COMPARATIVE STUDY
JOURNAL ARTICLE
MULTICENTER STUDY
RANDOMIZED CONTROLLED TRIAL

Percutaneous coronary intervention versus coronary-artery bypass grafting for severe coronary artery disease

Patrick W Serruys, Marie-Claude Morice, A Pieter Kappetein, Antonio Colombo, David R Holmes, Michael J Mack, Elisabeth Ståhle, Ted E Feldman, Marcel van den Brand, Eric J Bass, Nic Van Dyck, Katrin Leadley, Keith D Dawkins, Friedrich W Mohr
New England Journal of Medicine 2009 March 5, 360 (10): 961-72
19228612

BACKGROUND: Percutaneous coronary intervention (PCI) involving drug-eluting stents is increasingly used to treat complex coronary artery disease, although coronary-artery bypass grafting (CABG) has been the treatment of choice historically. Our trial compared PCI and CABG for treating patients with previously untreated three-vessel or left main coronary artery disease (or both).
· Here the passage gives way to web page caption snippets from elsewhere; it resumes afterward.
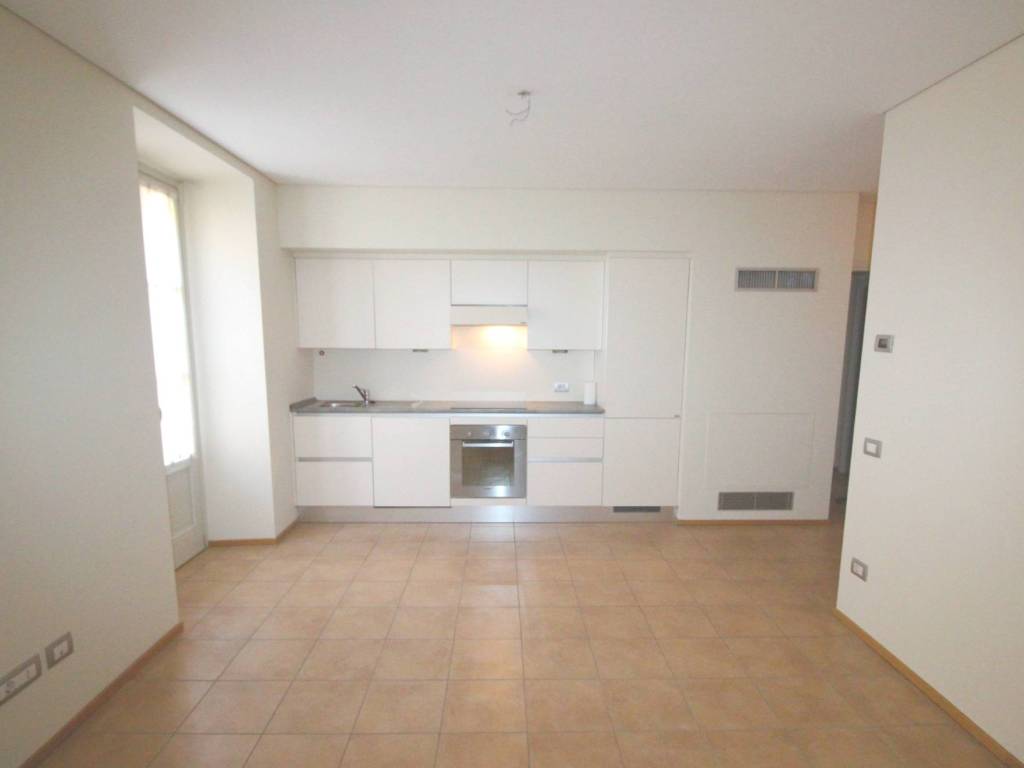 appartamento in affitto a Como in zona Como Centro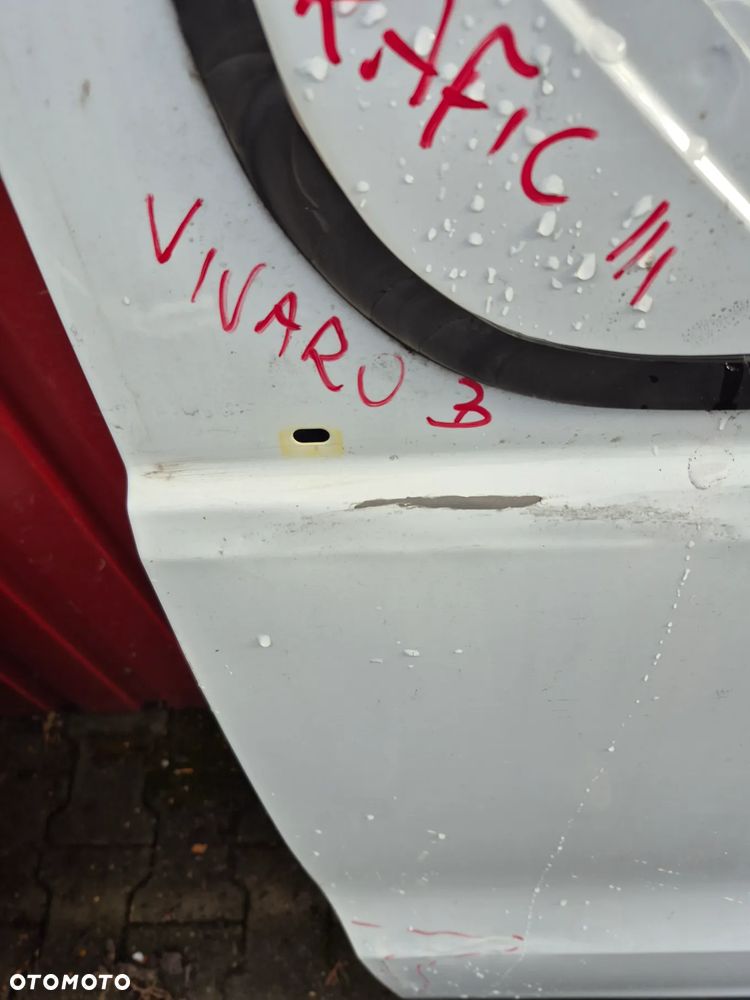 Renault Trafic III Opel Vivaro B drzwi prawe przesuwne 821526835R - 2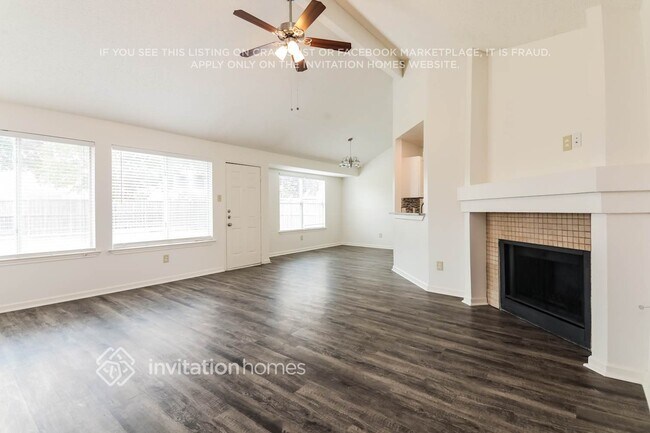 Building Photo - 7818 Spinnaker Cove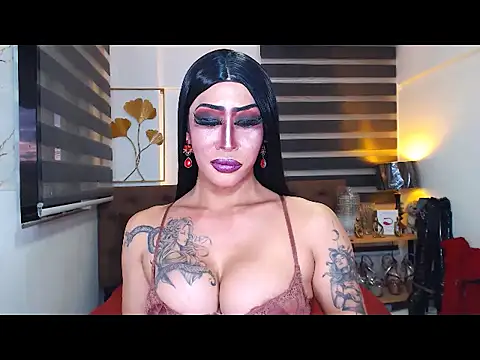 Chat +18 de DominateMistressTyra ao vivo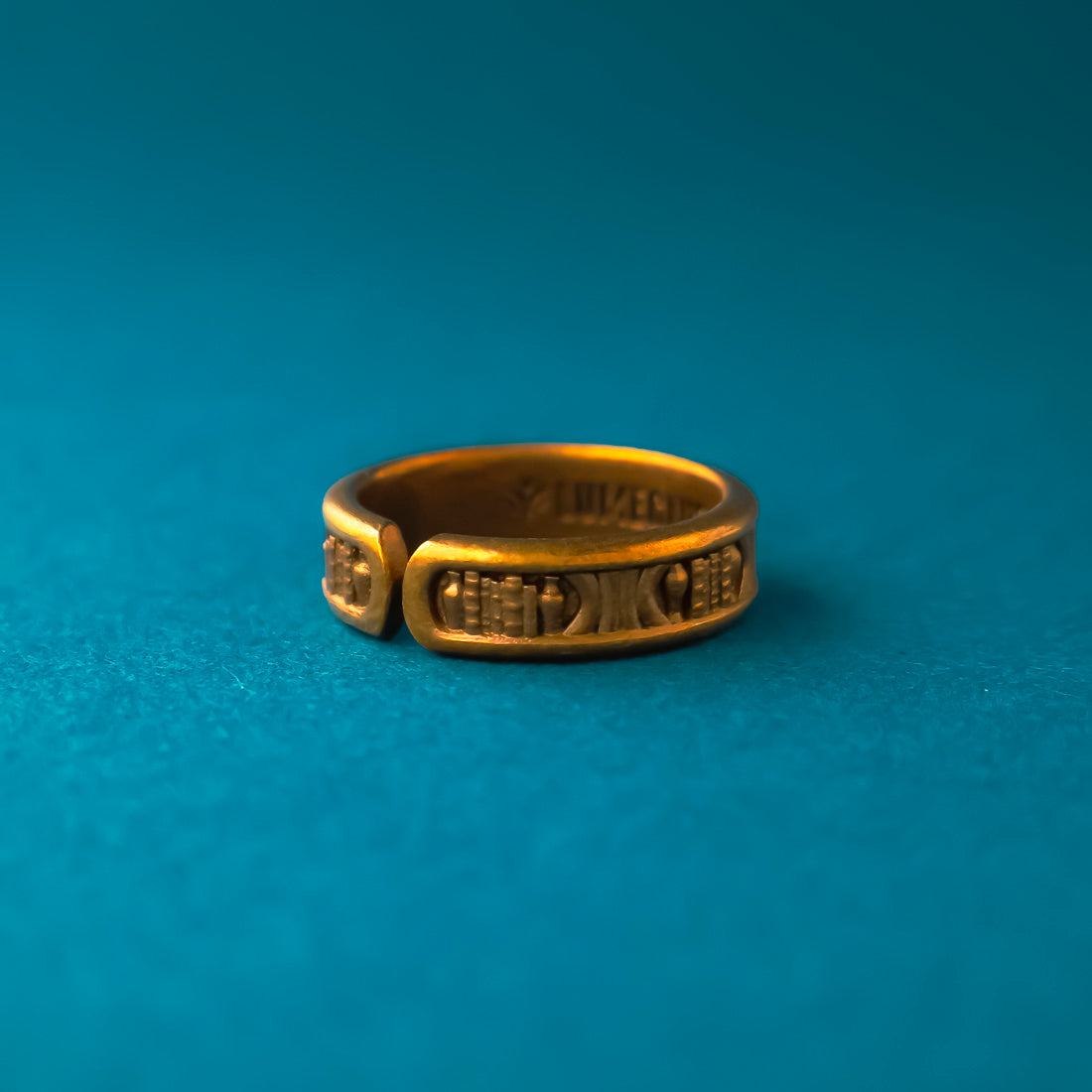 Memory Keeper Bookshelf Ring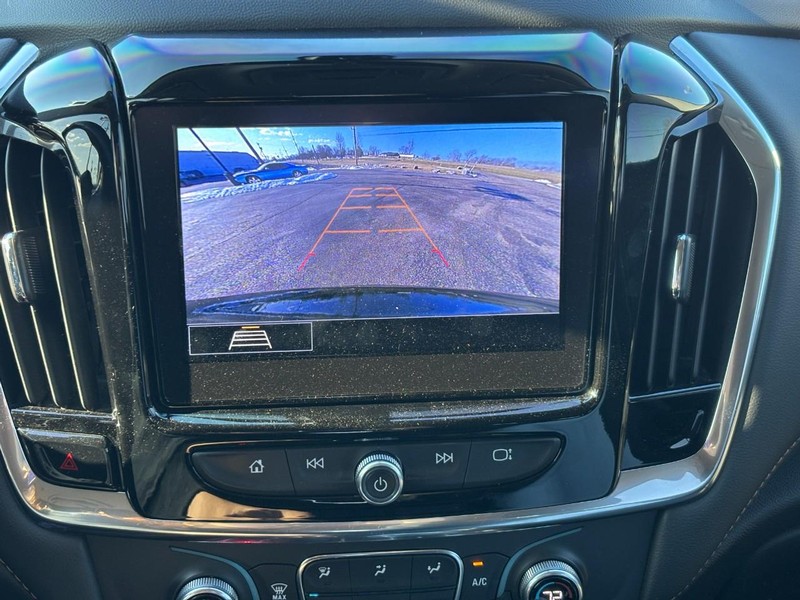 Chevrolet Traverse Vehicle Full-screen Gallery Image 22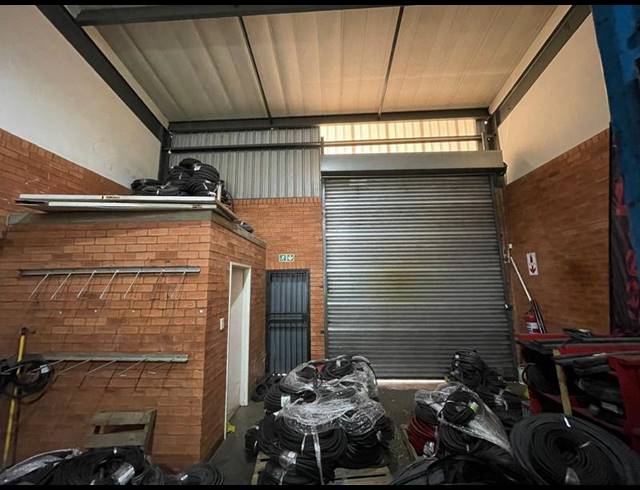 INDUSTRIAL PROPERTY TO RENT IN HENNOPSPARK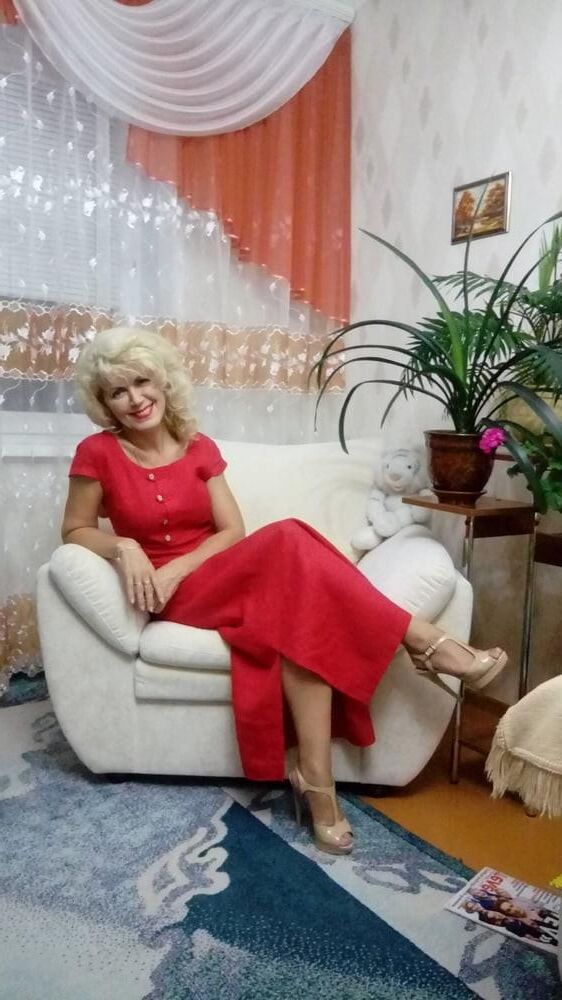 Elegant Russian Mature Tatiana Non Nude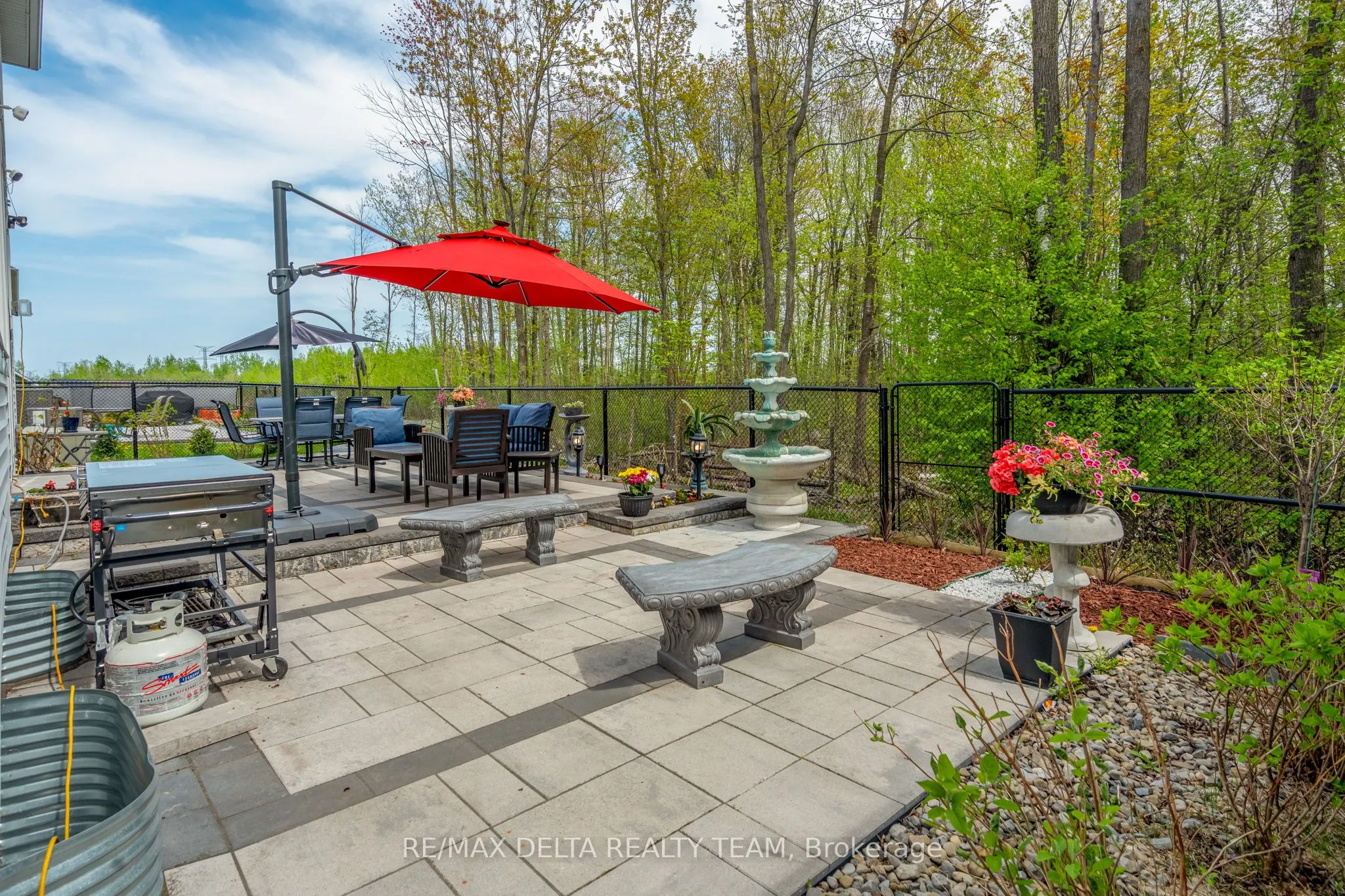 820 MERCIER Crescent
METHODS: We randomly assigned 1800 patients with three-vessel or left main coronary artery disease to undergo CABG or PCI (in a 1:1 ratio). For all these patients, the local cardiac surgeon and interventional cardiologist determined that equivalent anatomical revascularization could be achieved with either treatment. A noninferiority comparison of the two groups was performed for the primary end point--a major adverse cardiac or cerebrovascular event (i.e., death from any cause, stroke, myocardial infarction, or repeat revascularization) during the 12-month period after randomization. Patients for whom only one of the two treatment options would be beneficial, because of anatomical features or clinical conditions, were entered into a parallel, nested CABG or PCI registry.

RESULTS: Most of the preoperative characteristics were similar in the two groups. Rates of major adverse cardiac or cerebrovascular events at 12 months were significantly higher in the PCI group (17.8%, vs. 12.4% for CABG; P=0.002), in large part because of an increased rate of repeat revascularization (13.5% vs. 5.9%, P<0.001); as a result, the criterion for noninferiority was not met. At 12 months, the rates of death and myocardial infarction were similar between the two groups; stroke was significantly more likely to occur with CABG (2.2%, vs. 0.6% with PCI; P=0.003).

CONCLUSIONS: CABG remains the standard of care for patients with three-vessel or left main coronary artery disease, since the use of CABG, as compared with PCI, resulted in lower rates of the combined end point of major adverse cardiac or cerebrovascular events at 1 year. (ClinicalTrials.gov number, NCT00114972.)